= Supplied entries =
◆ ◆ ◆ ◆ ◆ ◆ ◆
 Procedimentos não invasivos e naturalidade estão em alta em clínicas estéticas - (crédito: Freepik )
◆ ◆ ◆ ◆ ◆ ◆ ◆
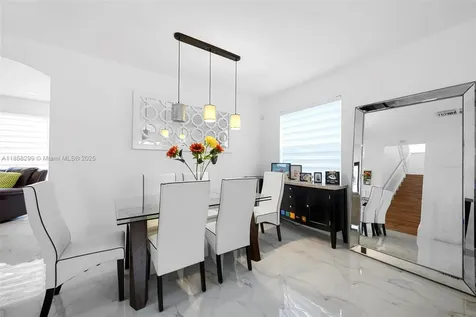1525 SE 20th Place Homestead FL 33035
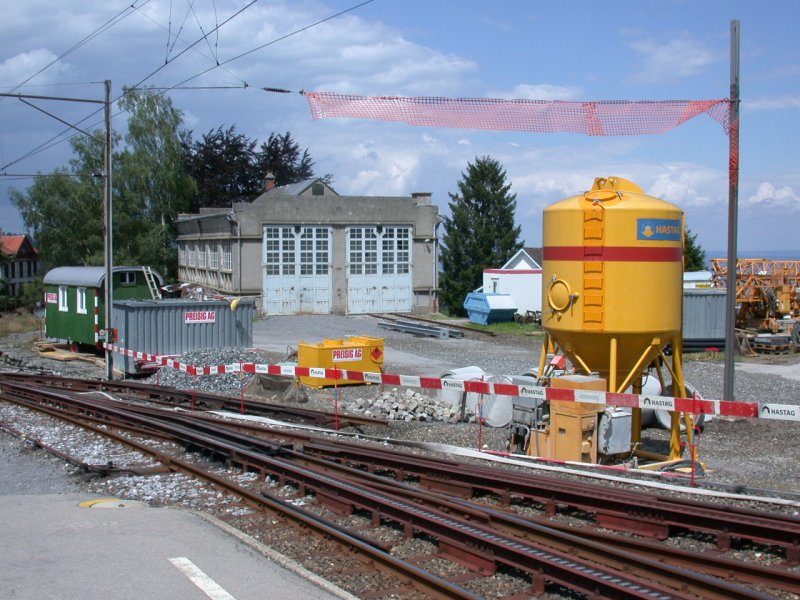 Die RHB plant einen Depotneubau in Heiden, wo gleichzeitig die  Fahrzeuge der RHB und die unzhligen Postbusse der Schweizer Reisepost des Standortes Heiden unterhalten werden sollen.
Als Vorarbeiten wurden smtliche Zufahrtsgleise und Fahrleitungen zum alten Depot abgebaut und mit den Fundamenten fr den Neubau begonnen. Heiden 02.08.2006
◆ ◆ ◆ ◆ ◆ ◆ ◆
= Work instruction =
Reproduce the entries exactly, from the line with "1525 SE 20th Place Homestead FL 33035" to the line with "Als Vorarbeiten wurden", both lines included, keeping no pictures.

= Solved exercise =
1525 SE 20th Place Homestead FL 33035
 Die RHB plant einen Depotneubau in Heiden, wo gleichzeitig die  Fahrzeuge der RHB und die unzhligen Postbusse der Schweizer Reisepost des Standortes Heiden unterhalten werden sollen.
Als Vorarbeiten wurden smtliche Zufahrtsgleise und Fahrleitungen zum alten Depot abgebaut und mit den Fundamenten fr den Neubau begonnen. Heiden 02.08.2006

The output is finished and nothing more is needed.